Myeloma hope through genes study
Monday 19th August 2013, 2:50PM BST.
A defective ageing gene may drive blood cancer by helping tumour cells become immortal, research has shown.
The discovery pinpointing the role of the TERC gene could lead to new treatments for myeloma, which affects around 4,700 UK patients each year.
Scientists identified four new gene variants linked to the disease, bringing the total number known to seven.
TERC regulates the length of telomeres, caps on the ends of chromosomes that play a major role in cellular ageing.
Telomeres have been compared to the plastic tips of shoe laces, because they prevent coiled double strands of DNA from fraying and sticking together.
Every time a cell divides, its telomeres shorten until a point of “senescence” is reached when no further division takes place.
Senescence is believed to contribute to ageing – but may also suppress cancer by halting the uncontrolled growth of tumours.
The new research suggests a problem with TERC may enable lymphoma cells to ignore the ageing trigger and keep on dividing.
Study co-author Professor Richard Houlston, from the Institute of Cancer Research in London, said: “Our study has taken an important step forward in understanding the genetics of myeloma, and suggested an intriguing potential link with a gene that acts as a cell’s internal timer.

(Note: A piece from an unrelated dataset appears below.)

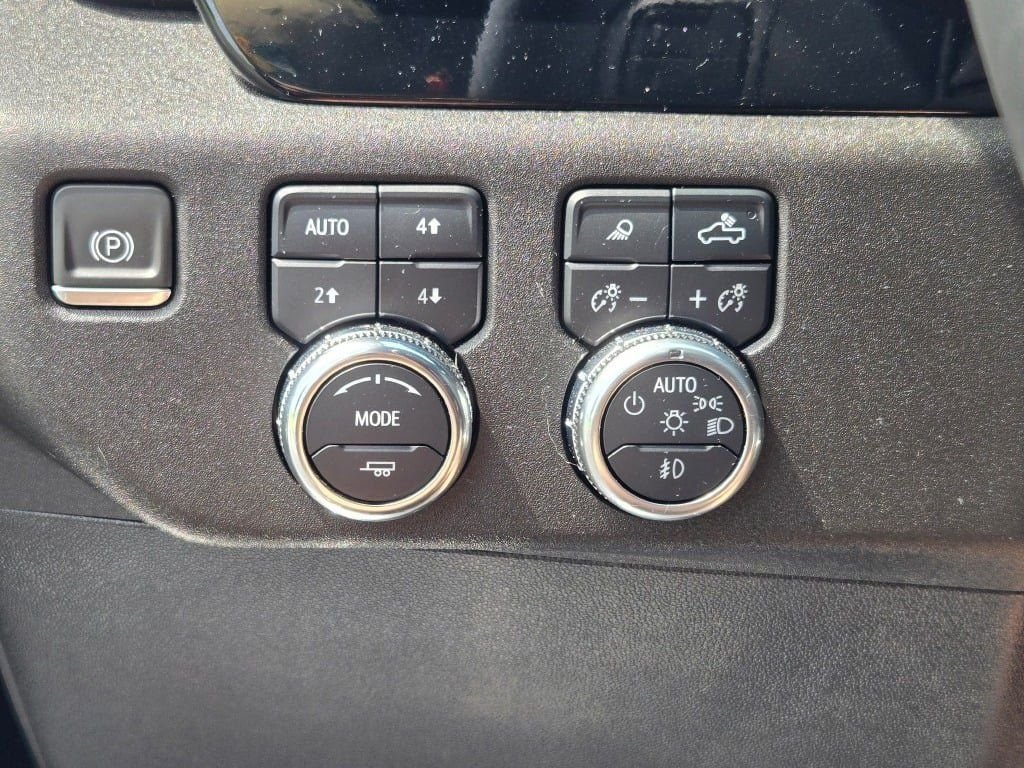 2024 GMC Sierra 2500HD SLT - Photo 31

“We know cancer often seems to ignore the usual controls over ageing and cell death, and it will be fascinating to explore whether in blood cancers that is a result of a direct genetic link. Eventually, understanding the complex genetics of blood cancers should allow us to assess a person’s risk or identify new avenues for treatment.”
The scientists compared the genetic make-up of 4,692 myeloma patients with DNA from almost 11,000 people without the disease.
A previous study led by the same team found three genetic defects associated with myeloma.
The new findings, reported in the journal Nature Genetics, point to four additional variants associated with genes likely to fuel the disease, including TERC.
Myeloma is caused by rogue white blood cells which are normally key players in the immune system.
The cells proliferate uncontrollably and clog up the bone marrow, disrupting normal blood production and causing severe pain.
Fewer than four in 10 people with the disease survive for more than five years, and three in 10 die within a year of diagnosis.
Professor Chris Bunce, from the charity Leukaemia & Lymphoma Research, said: ” The identification of these risk gene variants offers more compelling evidence that susceptibility to myeloma can be inherited. Myeloma remains incurable and the effect on patients’ quality of life can be devastating.
“By showing how these specific genes influence the cancer’s development, this research could potentially lead to the development of targeted myeloma drugs in the future. In addition, we know that a common condition called MGUS predisposes to the development of myeloma. The identification of additional genetic risk factors in these patients could revolutionise their future management and prospects.”
Heather McKinnon, clinical research programme manager at the charity Myeloma UK, said: ” The study published today in Nature Genetics identifies four more genetic variations in myeloma and for the first time demonstrates an association with ageing. Myeloma UK is committed to supporting this important research and invests in a programme of work at The Institute of Cancer Research.”
Both charities funded the research, with additional support from Cancer Research UK.